Кому-то первому должно было надоесть такое положение дел. По странному стечению обстоятельств, в авангарде невольных борцов за возвращение смысла в наше круглосуточное «бла-бла-бла» выступили красноярские профсоюзы. Их требования, выдвинутые организаторам «монстраций», наверняка подвергнутся насмешкам со стороны продвинутой «монстрационной» аудитории, той самой «странной публики», о которой слегка пренебрежительно высказался г-н Исянов; но если отвлечься от личных симпатий и антипатий, придется признать, что профсоюзы правы.

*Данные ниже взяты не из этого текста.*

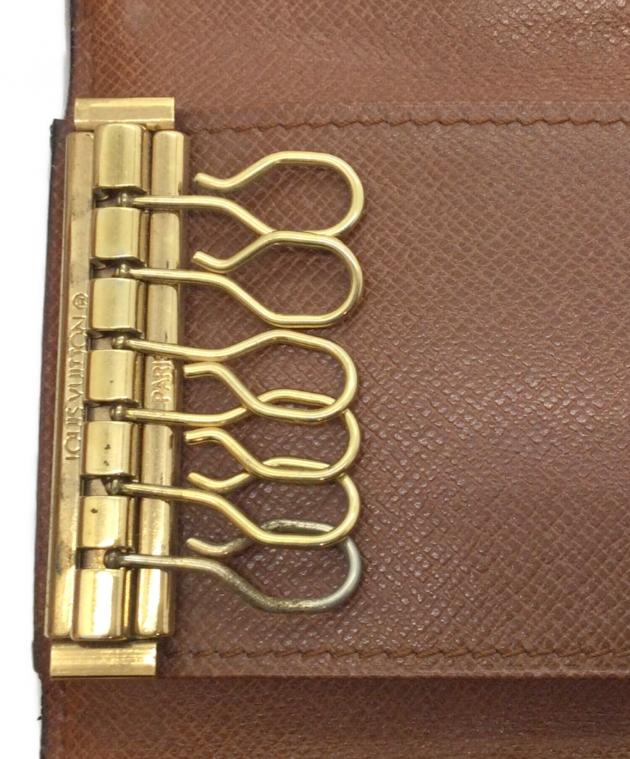 中古・古着通販】LOUIS VUITTON (ルイ ヴィトン) キーケース｜ブランド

Двусмысленности, недосказанности, смысловые перевертыши и прочие формы защитной реакции человеческого сознания на агрессивную энтропию — от всего этого хотелось бы в конце концов освободиться. И научиться называть вещи своими именами — так же, как это сделал Адам, когда Бог в раю поручил ему назвать сотворенных Им животных, птиц и вообще всё сущее. Тогда Адам просто смотрел на то, что предлагалось наречь именем, и (из ниоткуда! сочиняя новые слова!) называл волка — волком, а овцу — овцой. Просто и ясно. Постигая суть вещей и одним словом эту суть выражая. Не хватает фантазии вообразить, как выглядел бы этот процесс, если бы задачу назвать всё сущее Бог поставил перед современным человеком, обработанным телевизором и интернетом.
В советской пропаганде, помимо прочих, активно использовался лозунг «Профсоюзы — школа коммунизма». Никакого особого смысла в нем не было по понятной причине: коммунизм как химера не мог породить никаких других смыслов, кроме химеричных. Но вот прошло время — и профсоюзы, пусть даже в лице красноярских своих активистов, выступили в роли защитников родного языка.
Нет, конечно, профсоюзы теперь — не школа здравого смысла. Но уж если и использовать эту метафору, то, вероятно, (с тысячей оговорок и лишь в качестве аванса!) можно было бы назвать красноярское отделение Федерации профессиональных союзов — нет, не детским садом; до этого еще тоже далеко, — но яслями здравого смысла.